A very young and ravishingly beautiful Catherine Deneuve plays Geneviève. She lives and works with her mother, running the umbrella store that gives the film its title. When we first meet her, she’s already in love with Guy (Nino Castelnuovo), and he’s just as in love with her.
But the year is 1957 and Guy is drafted into the war with Algeria. Over the six years of Umbrellas’ story, things don’t go as the lovers had wanted.
And through it all, everyone sings. Composer Michel Legrand creates a lush, romantic score, heavily salted with jazz. Unlike American musicals – or for that matter, Grand Opera – there’s no significant dancing here. That would only subtract from a musical about such ordinary people – if you can call people who look like Deneuve and Castelnuovo ordinary.
The Umbrellas of Cherbourg is a supremely romantic film. The story, or something like it, happens to everyone. But this time, it happens in a hyper-idealized, musical universe.
How It Looks
Cinematographer Jean Rabier and production designer Bernard Evein created a brightly-colored, flatly-lit look that helps emphasize the stylization of the opera. The disc’s 1080p video, made from a 2K digital restoration, captures the look to near perfection.
Although, to be honest, that probably wasn’t difficult. Flat lighting is easier to digitize than atmospheric lighting.
Criterion presents The Umbrellas of Cherbourg in the 1.85×1 aspect ratio, giving it a slight letterboxing in a widescreen TV. This seems like an odd choice; in 1960s France, 1.66×1 was the preferred screen shape. But it’s not a big deal; most films of that period were shot to work well in both ratios.
How It Sounds
The Umbrellas of Cherbourg was originally released with only mono sound. But it’s presented here only in DTS-HD Master Audio 5.1. I would have preferred an option to hear the original mono mix.
But after listening to the movie, I wasn’t too upset. The mix sounds very much like mono, anyway.
However many tracks it really uses, the sound is pleasing and I have no complaints.
And the Extras
No commentary tracks, but plenty of other extras.
- A Finite Forever: This article by Jim Ridley dominates the paper foldout. Ridley defends the film from its detractors, and discusses how the artifice heightens the realistic story. The foldout also includes credits for the film and the Blu-ray.
- Timeline: As is standard for Criterion Blu-rays, you can create your own bookmarks.
- Once Upon a Time...”The Umbrellas of Cherbourg”: 54 minutes. This documentary from 2008 includes interviews with Demy, Deneuve, Agnes Varda (Demy’s widow), and others. It covers everything about the film, including how the actors and singers worked together and the symbolism of the Algerian War.
- Rodney Hill: 23 minutes. In this interview, film scholar Hill provides yet another argument as to why Demy and this film belong in the French New Wave.
- Cinepanorama: 11 minutes. Demy and Legrand get interviewed in a 1964 French TV program. This clip is seriously marred by an idiotic interviewer.

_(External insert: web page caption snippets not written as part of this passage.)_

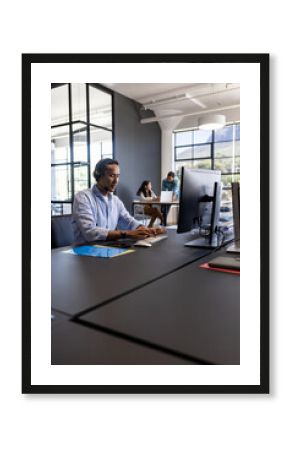 In office, businessman using computer and headset, collaborating with colleagues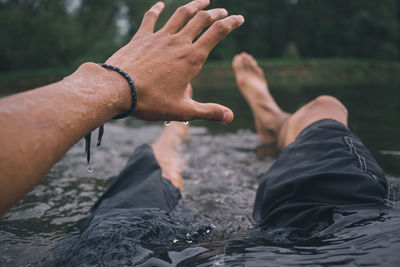 Low section of man swimming in lake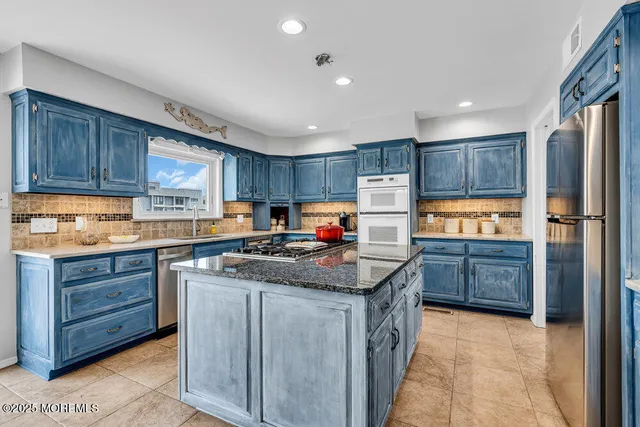 a kitchen with granite countertop a refrigerator stove top oven and wooden cabinets
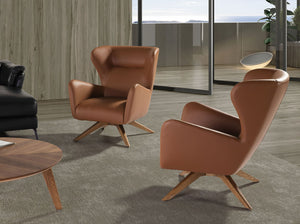 Swivel armchair in brown eco-leather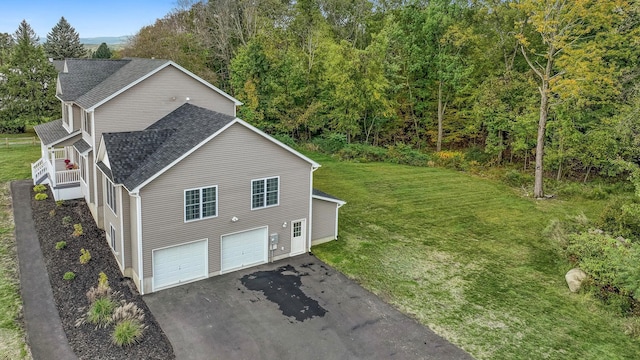 view of side of property with driveway, a yard, a shingled roof, and an attached garage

- Michel Legrand at the National Film Theater: 27 minutes. Audio only, except for one production photo to give us something to look at. This 1991 interview has some interesting stuff, but it’s also kind of boring.

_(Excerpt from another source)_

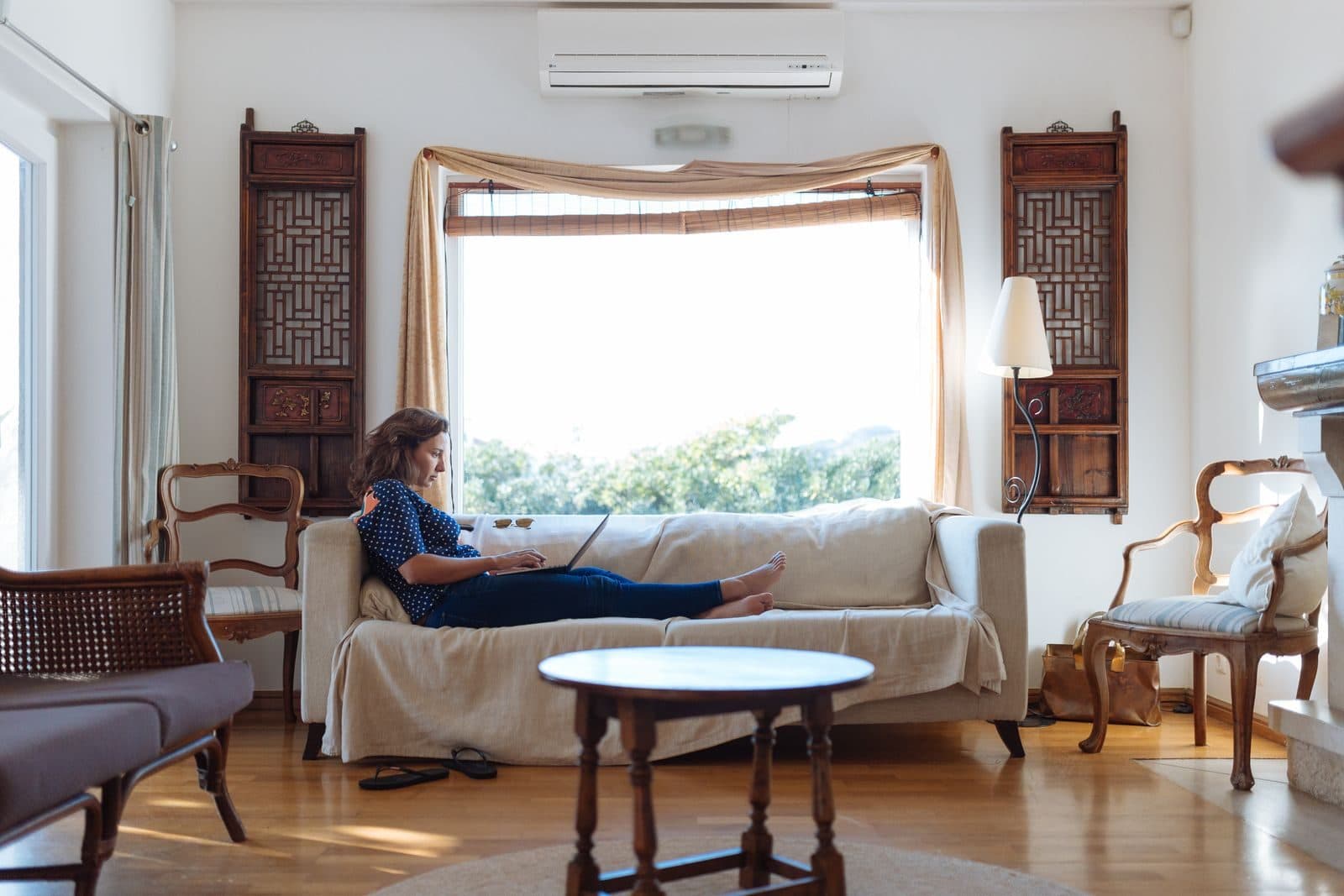 A woman resting on a sofa with a laptop in a bright living room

- Catherine Deneuve at the National Film Theater: 11 minutes. Audio only interview from 1983, again with the only one photo to look at (on the other hand, it’s a picture of Deneuve). More interesting than Legrand’s interview, possibly because it’s shorter and more focused.

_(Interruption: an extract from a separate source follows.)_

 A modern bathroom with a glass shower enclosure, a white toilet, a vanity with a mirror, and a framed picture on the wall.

- Restoration demonstration: 6 minutes. Not so much a demonstration as a short documentary on the restoration, visually explaining things like black and white separations and dirt removal. I loved it. In French with English subtitles.
- Trailer: two minutes. It appears that whoever was selling this movie didn’t want people to know it was a musical. You hear the theme song and see clips from the film, but you never see the actors singing.
The Umbrellas of Cherbourg is a movie like no other. It’s joyful, sad, romantic, and beautiful to the eyes and ears.